▶ [WHAT IS NEEDED]
The required result is an exact copy of the lines from the one containing "Hubbell 5-Gang Mount" to the last line of the records, both ends included, without pictures.
** Opening DATA LISTING block **
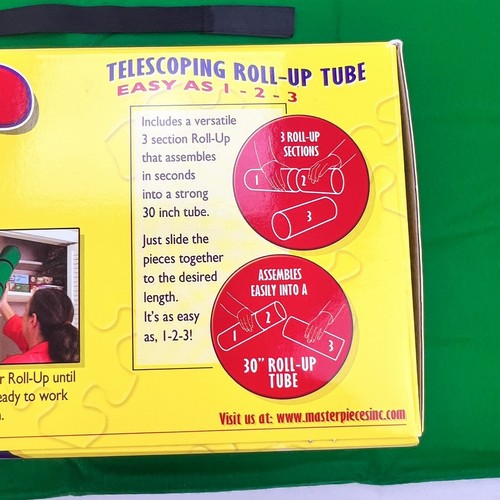 Master Pieces Puzzle Roll Up - Puzzle Storage 36" x 30" Mat w/ Tubes & Straps - Picture 5 of 7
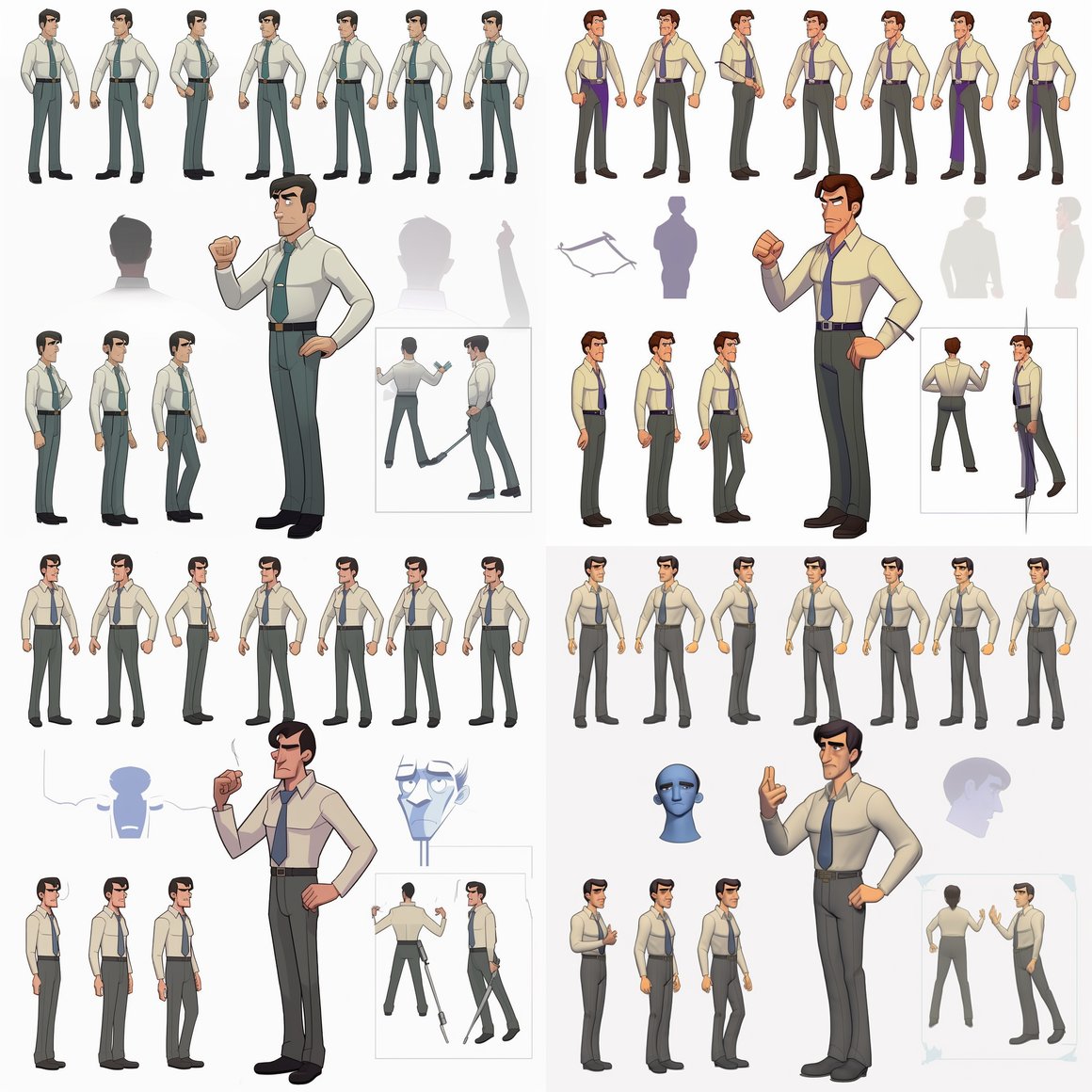 Detailed 2D Animation Character Design in FX Archer Style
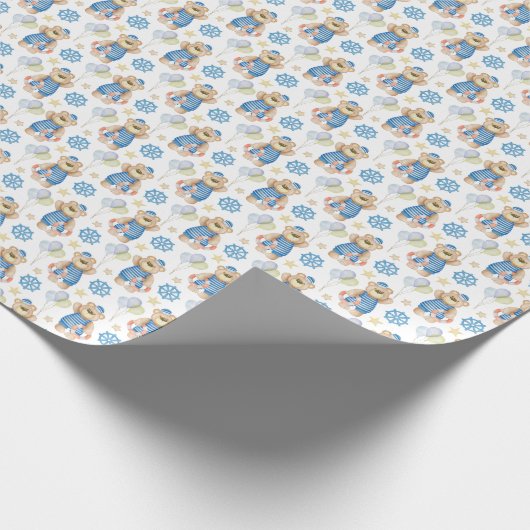 Waterverf Nautical Sailor Beer Cadeaupapier (Hoek)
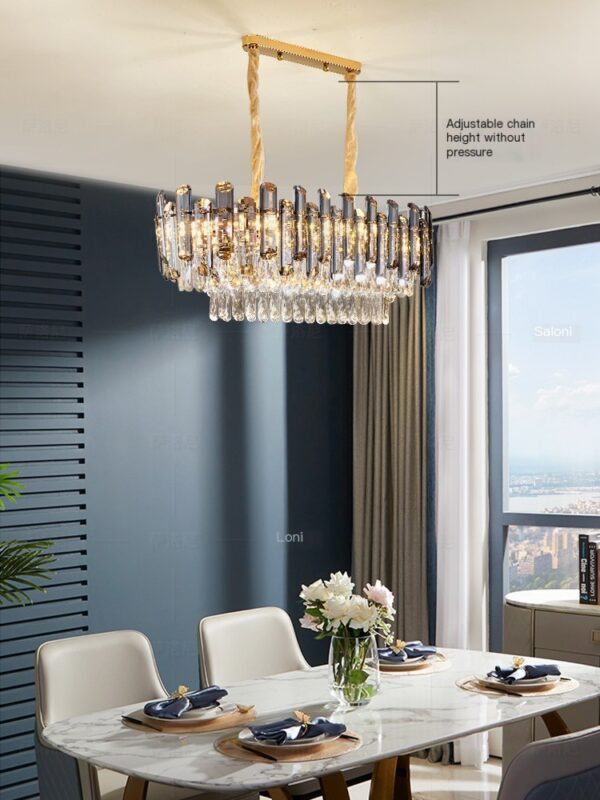 Light luxury living room main light crystal ceiling light, simple and modern - Image 2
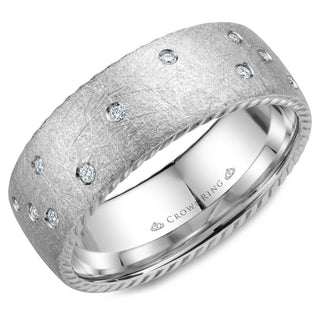 Rope Contemporary Wedding Band WB-020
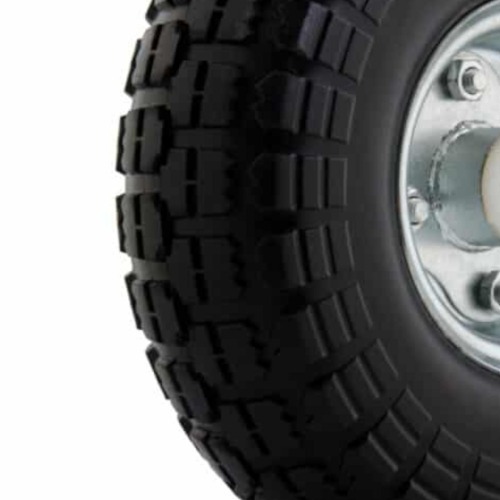 Roda completa de borracha maci�a 9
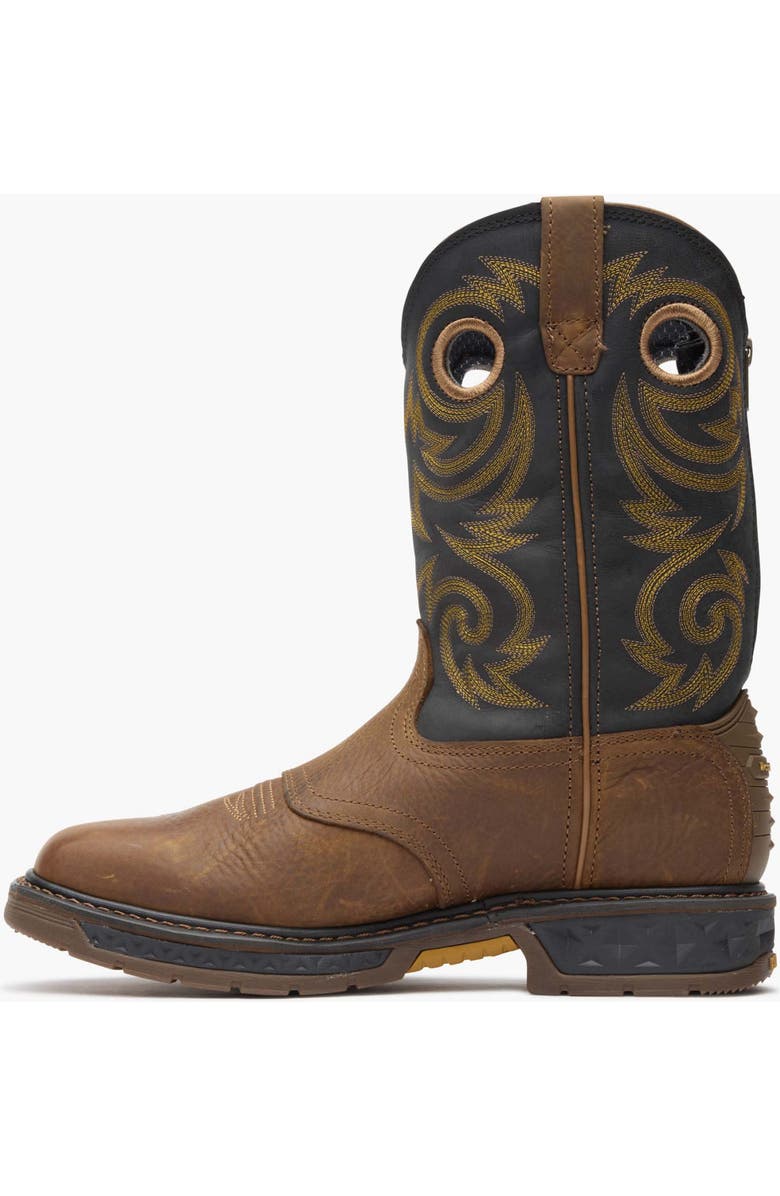 Georgia Boot Carbotec Lt Waterproof Pullon Work Boot, Alternate, color, Black And Brown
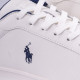 Polo Ralph Lauren Λευκά Sneakers 100% Leather - 809968172001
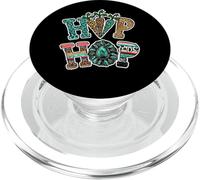 Easter Teacher Leopard Animal Decor Funny Hip Hop Easter PopSockets PopGrip para MagSafe
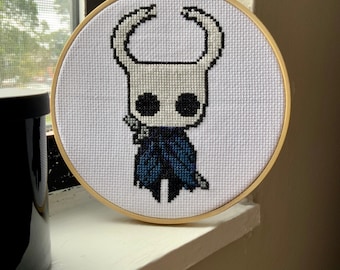 Cross-Stitch The Knight from Hollowknight Pattern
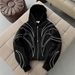 High Quality Men's Zipper Cardigan Hooded Jacket Men's Casual Sweatshirt New Style_viptrois.com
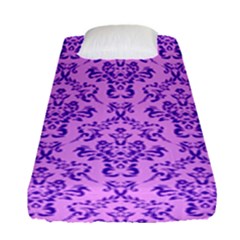 Victorian Violet Fitted Sheet (single Size) by snowwhitegirl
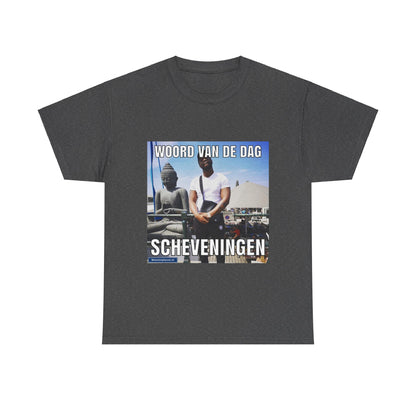 T-Shirt mit dem Wort „Scheveningen“ des Tages 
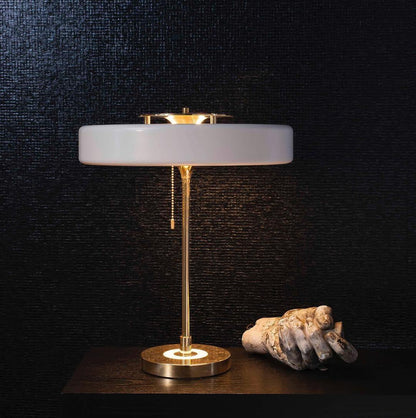 ElegantGlow – Timeless Metal and Acrylic Table Lamp
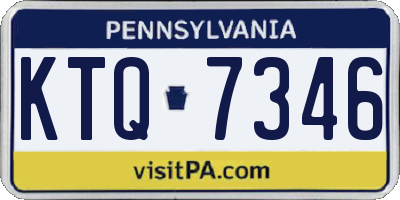 PA license plate KTQ7346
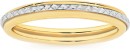 9ct-Gold-Two-Tone-Diamond-Cut-Stacker-Ring Sale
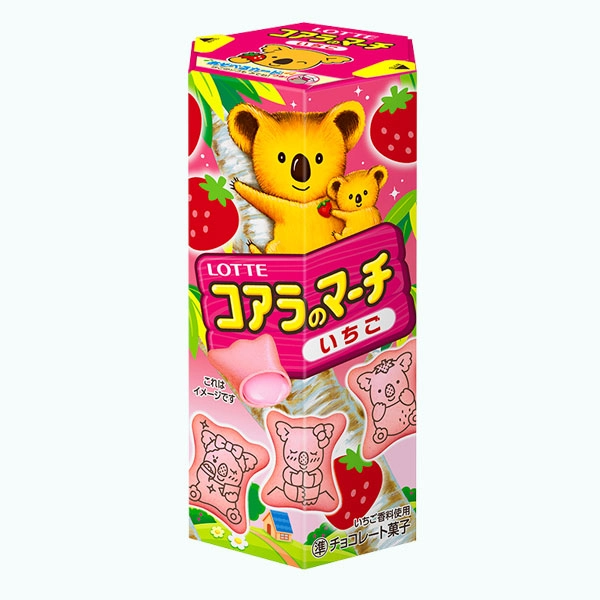 Koala’s March Strawberry Sušienky 37g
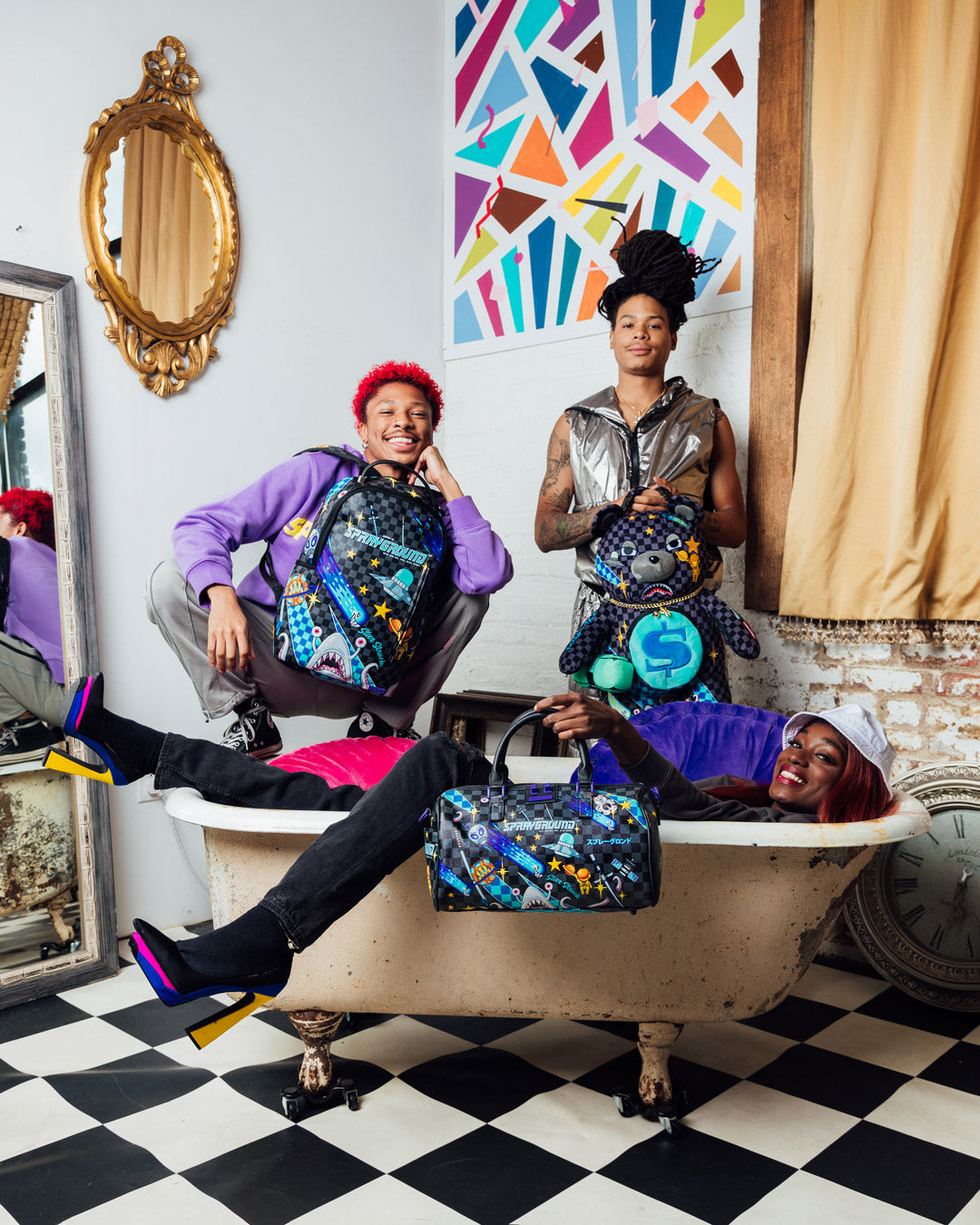 WTF ALIEN INVASION MINI DUFFLE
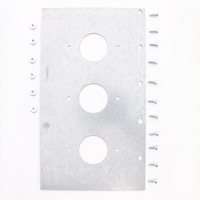 Hubbell 5-Gang Mount Plate 3 1.4" Outlet Openings Fits 10-Gang Floor Box FB10TLZ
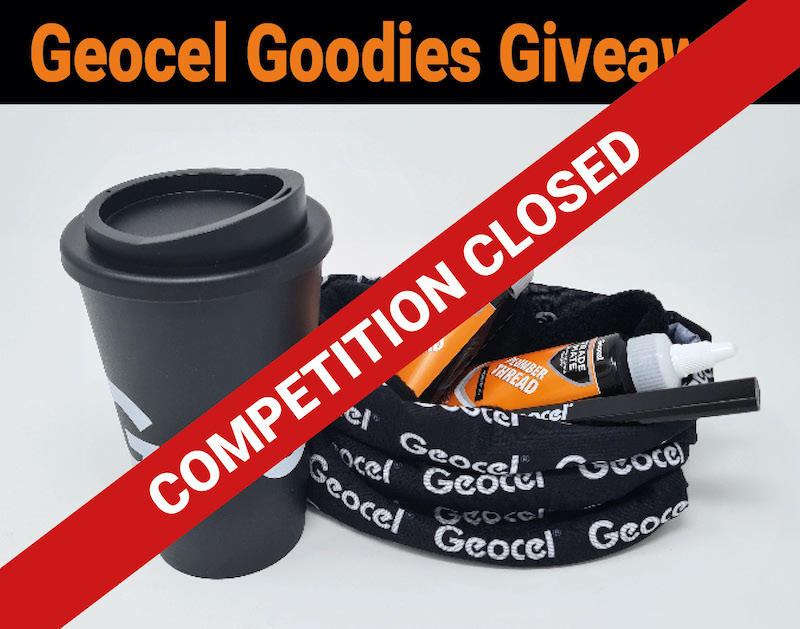 Geocel merch up for grabs – 5 bundles to be won!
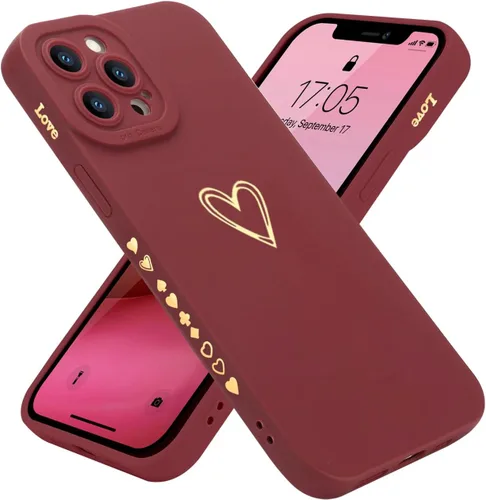Miniatura 16 de Teageo Funda compatible con iPhone 12 Pro Max de 6.7 pulgadas para mujeres y niñas, bonito corazón de lujo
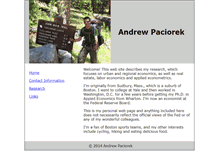 Tablet Screenshot of andrew.paciorek.info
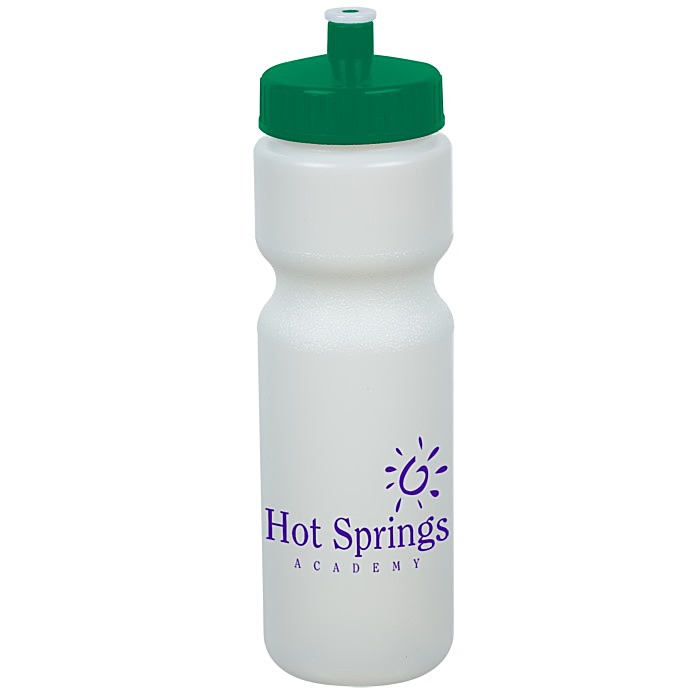 Custom Value Bottle with Push Pull Lid - 28 oz - Glow in Dark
** Closing DATA LISTING block **
▶ [EXPECTED ANSWER]
 Hubbell 5-Gang Mount Plate 3 1.4" Outlet Openings Fits 10-Gang Floor Box FB10TLZ
 Geocel merch up for grabs – 5 bundles to be won!
Miniatura 16 de Teageo Funda compatible con iPhone 12 Pro Max de 6.7 pulgadas para mujeres y niñas, bonito corazón de lujo
 Tablet Screenshot of andrew.paciorek.info
 Custom Value Bottle with Push Pull Lid - 28 oz - Glow in Dark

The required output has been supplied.